「報復」との見方が薄れていく
ところが、11日に再度取り上げ、「韓国側は、日本の措置は『徴用工』問題をめぐる報復であり、事実上、WTO協定違反に当たるという認識を示した。韓国はWTOへの提訴も検討している」と、韓国の主張として書いただけで、ひたすら輸出管理の問題だとする日本政府の主張に沿い、政府を全面的に支持している。
日韓実務者の12日の「事務的説明会」の報道(13日朝刊)では、朝日が「日本政府は、韓国人元徴用工への損害賠償問題の解決策が6月末までに示されなかったり、輸出管理に関する「不適切な事案があったりし、『信頼関係が著しく損なわれた』などとして......」と、規制発動の背景を説明したが、毎日、日経なども徴用工問題にはほとんど触れていない。問題を「輸出管理」に絞る政府の狙いは、国内向けにはほぼ成功した形だ。

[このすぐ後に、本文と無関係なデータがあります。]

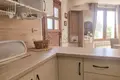 Maison 4 chambres 100 m² Hrabrovo, Bulgarie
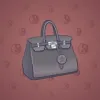 Loot Bag #3442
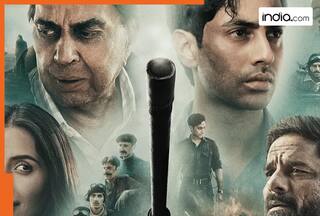 Dinesh Vijan pushes Ikkis release to avoid festive box office clash with Dhurandhar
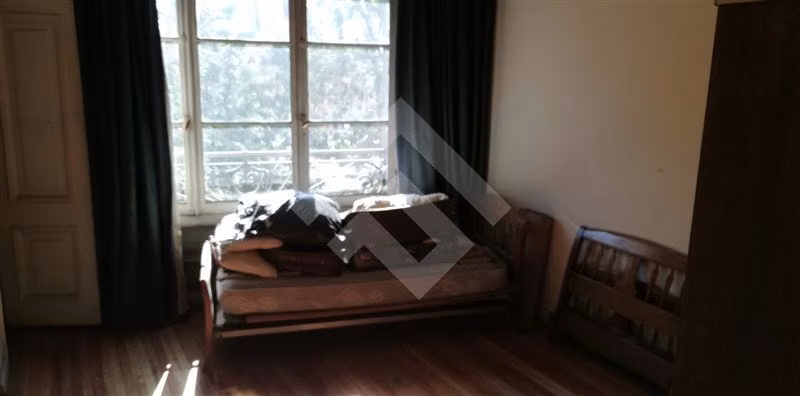 Departamento en venta de 2 dorm. en Santiago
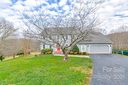 214 Smith Knolls Road sold home in Fairview, SC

ただ、今後の日韓関係、また世界の中での日本の立場を考えて、今回の措置に疑問を呈する声が、政府に近い人たちからも出ている。
元駐韓国大使で「文在寅という災厄」の著書もある武藤正敏氏は、輸出管理の問題自体で韓国を厳しく批判し、日本政府の対応を評価しつつ、「日本政府は韓国の国民感情をいたずらに刺激しない方が得策である。......日本政府は導入に当たり、文大統領がG20で安倍総理との会談もできずに帰国した2日後に突如公表した。韓国国民はこれを『後ろからいきなり殴られた』と解釈し、日本への国民的反発を強めることが懸念される」(DIAMOND ONLINE、7月12日)と指摘。4日の「日テレNEWS24」に出演した際は、「今のやり方で韓国の国民が『文在寅大統領けしからん。日本ともっとちゃんと対話をしないといけない』という雰囲気になってくれるかどうか。そこは若干、懐疑的に見ている」と、懸念を示している。
「韓国による国際世論の形成には警戒が必要である。日本が反自由貿易主義だと誤解されないよう世界に対する情報発信が欠かせない」。産経も11日の「主張」で、そう戒めている。